Auteur : dois-je vraiment le préciser ? Oui ? Bah moi… xD
Note : chapitre sans autre intérêt que de vous faire patienter en attendant que j'écrive la suite XD (et éventuellement d'introduire un nouveau personnage).
Aurez-vous reconnu notre inconnu mystère ? Nan ? Vous êtes sûrs qu'on suit la même fic oÕ' ? D'accord, j'arrête. En tout cas, je me demande s'il le suspense que j'essaye de mettre dans cette fic est vraiment utile… bah de toute façon, je fais ce que je veux, c'est moi l'autrice !
Allez, je vous laisse à votre lecture ou cette note va devenir plus longue que ce misérable chapitre --'. Et au fait, merci pour vos reviews ! ça me fait toujours plaisir :D
Chapitre 3 : ombre dans la nuit
Il était plus de minuit à Tokyo [1, une silhouette se déplaçait dans la nuit, passant d'une rue à une autre d'un pas assuré et calme.
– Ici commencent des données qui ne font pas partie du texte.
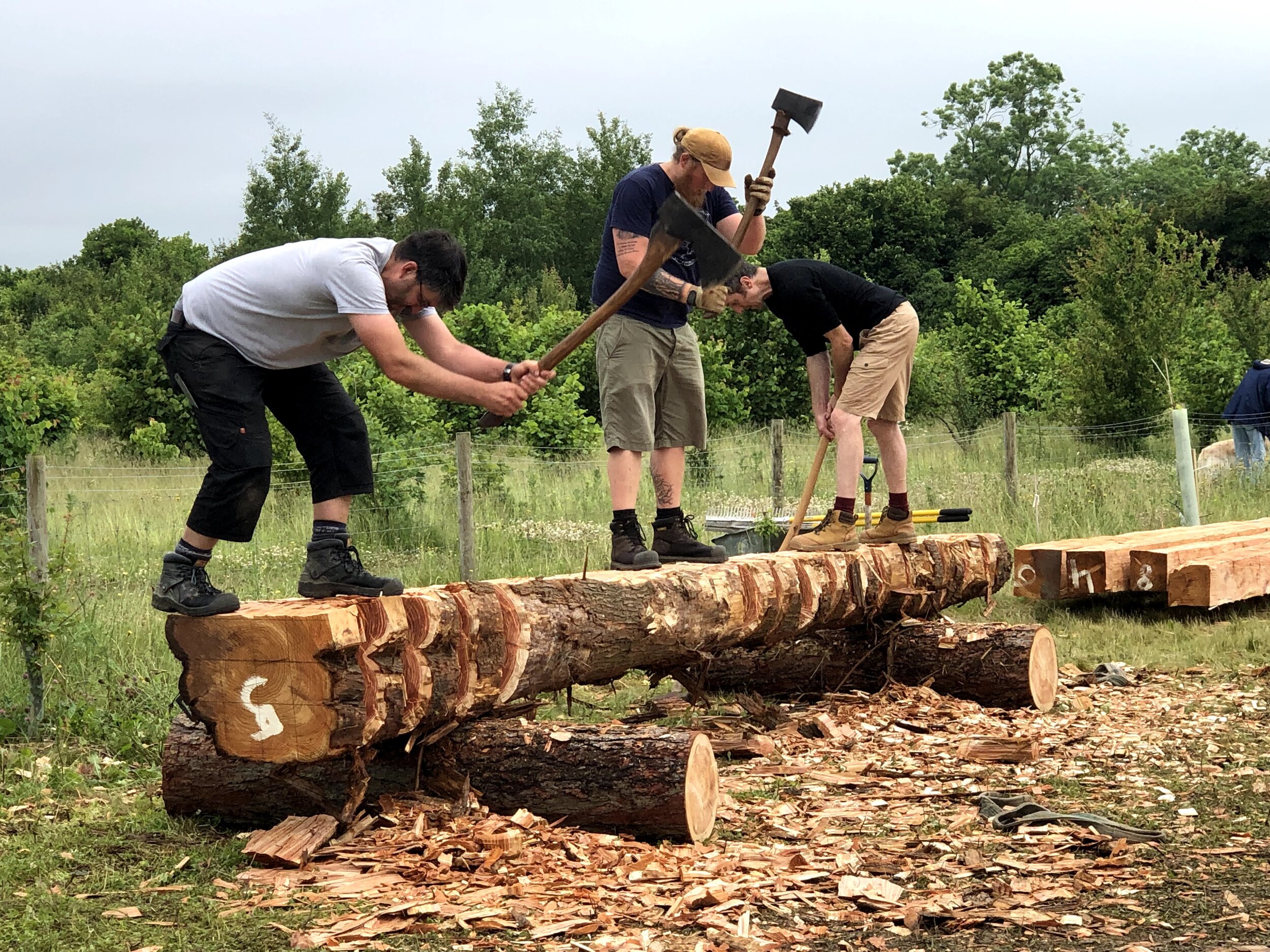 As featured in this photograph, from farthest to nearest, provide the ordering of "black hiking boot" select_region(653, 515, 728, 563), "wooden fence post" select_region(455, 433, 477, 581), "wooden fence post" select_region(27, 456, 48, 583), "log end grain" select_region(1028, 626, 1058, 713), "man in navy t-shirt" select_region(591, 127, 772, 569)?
1. "wooden fence post" select_region(455, 433, 477, 581)
2. "wooden fence post" select_region(27, 456, 48, 583)
3. "log end grain" select_region(1028, 626, 1058, 713)
4. "black hiking boot" select_region(653, 515, 728, 563)
5. "man in navy t-shirt" select_region(591, 127, 772, 569)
Il était tard et il n'y avait pas âme qui vive aux alentours. Pas un chat ne semblait vouloir troubler la sérénité des lieux. Immeubles et édifices faisaient courir leurs ombres inquiétantes, ombres régulièrement chassées par les vifs rais de lumières qui s'échappaient des lampadaires qui suivaient la route. Seules quelques ruelles se voyaient rester invisibles [2, cachées par les ténèbres.
La silhouette, un homme de guère plus de trente ans à l'allure altière, s'était maintenant arrêté tout près d'une bâtisse sale qui semblait avoir subi nombre de catastrophes et d'intempéries sans vouloir succomber aux chocs. L'homme observa les fenêtres sombres une à une, finissant par s'attarder sur la plus haute d'où s'échappait une faible lumière et de vagues échos de voix, tout juste perceptibles, incompréhensibles. Il sourit en distinguant à travers le rideau une ombre bouger précipitamment, puis, comme s'il avait peur d'être vu, l'homme recula, se dissimulant totalement dans la pénombre, se fondant presque dans le décor.
Il resta ainsi longtemps, immobile, silencieux, à observer la petite fenêtre illuminée. Mais à aucun moment il ne cessa de sourire. Pas d'un sourire de joie, non. D'un sourire cruel, teinté d'arrogance, de ceux que l'on arbore lorsqu'on sait des choses ignorées de tous, de ceux que l'on a lorsqu'on a commis un acte répréhensible en sachant que l'on ne cours aucun risque. Un sourire satisfait. Voire inquiétant.
Finalement, après un long moment, peut-être même plusieurs heures, l'homme bougea. S'avançant à nouveau vers le bâtiment, remontant ses fines lunettes dans un geste machinal, et comme s'il s'adressait à la fenêtre, déclara doucement :
« Nous nous reverrons bientôt, Tsuzuki-san. »
Il rebroussa alors chemin, son long manteau blanc volant derrière lui sous la douce brise.
A suivre…
[1 Quand je pense que j'arrive même à vous caser des notes… bref, je situe l'action à Tokyo car je ne me souviens plus de quel secteur sont Tsuzuki et Hisoka… oups XD
[2 Vous admirerez la phrase qui veut (limite) rien dire… voir l'invisible… ah la la…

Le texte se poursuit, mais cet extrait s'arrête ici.